▼
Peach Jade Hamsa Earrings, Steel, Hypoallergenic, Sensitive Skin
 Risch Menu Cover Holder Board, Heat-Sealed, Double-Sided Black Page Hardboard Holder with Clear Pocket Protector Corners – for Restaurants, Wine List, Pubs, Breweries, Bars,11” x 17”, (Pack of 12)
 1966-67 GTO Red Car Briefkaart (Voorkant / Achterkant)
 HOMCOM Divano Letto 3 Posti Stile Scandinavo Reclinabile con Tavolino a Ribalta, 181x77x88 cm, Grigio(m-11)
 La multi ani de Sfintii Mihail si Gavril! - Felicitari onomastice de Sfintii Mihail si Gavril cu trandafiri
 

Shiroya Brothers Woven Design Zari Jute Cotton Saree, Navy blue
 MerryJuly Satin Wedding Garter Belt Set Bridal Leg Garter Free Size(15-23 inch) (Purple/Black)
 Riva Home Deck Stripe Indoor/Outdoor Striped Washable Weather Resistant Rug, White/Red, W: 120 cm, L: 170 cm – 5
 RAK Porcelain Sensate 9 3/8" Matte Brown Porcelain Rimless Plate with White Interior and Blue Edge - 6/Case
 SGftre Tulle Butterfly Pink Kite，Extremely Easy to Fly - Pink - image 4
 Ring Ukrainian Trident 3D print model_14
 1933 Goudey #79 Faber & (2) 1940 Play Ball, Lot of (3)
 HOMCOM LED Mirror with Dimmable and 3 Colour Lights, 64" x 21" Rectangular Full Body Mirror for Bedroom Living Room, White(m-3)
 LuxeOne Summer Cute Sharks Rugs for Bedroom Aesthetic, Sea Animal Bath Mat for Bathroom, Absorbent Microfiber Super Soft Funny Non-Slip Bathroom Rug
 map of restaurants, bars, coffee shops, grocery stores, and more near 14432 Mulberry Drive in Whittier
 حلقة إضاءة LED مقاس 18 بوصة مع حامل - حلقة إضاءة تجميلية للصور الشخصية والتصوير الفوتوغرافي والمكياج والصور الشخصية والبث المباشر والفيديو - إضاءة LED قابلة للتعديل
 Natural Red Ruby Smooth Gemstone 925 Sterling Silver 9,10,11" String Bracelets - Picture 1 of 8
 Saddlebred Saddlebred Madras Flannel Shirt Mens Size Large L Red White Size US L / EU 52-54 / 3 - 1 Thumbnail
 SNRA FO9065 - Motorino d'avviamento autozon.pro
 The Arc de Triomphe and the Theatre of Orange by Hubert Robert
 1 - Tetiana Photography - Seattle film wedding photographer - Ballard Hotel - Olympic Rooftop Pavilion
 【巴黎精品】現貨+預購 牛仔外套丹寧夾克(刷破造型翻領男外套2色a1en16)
▲
» WHAT NEEDS TO BE DONE
Count how many lines in the listing above hold "Bedroom". Supply only that number.

» RESULT OF THE EXERCISE
2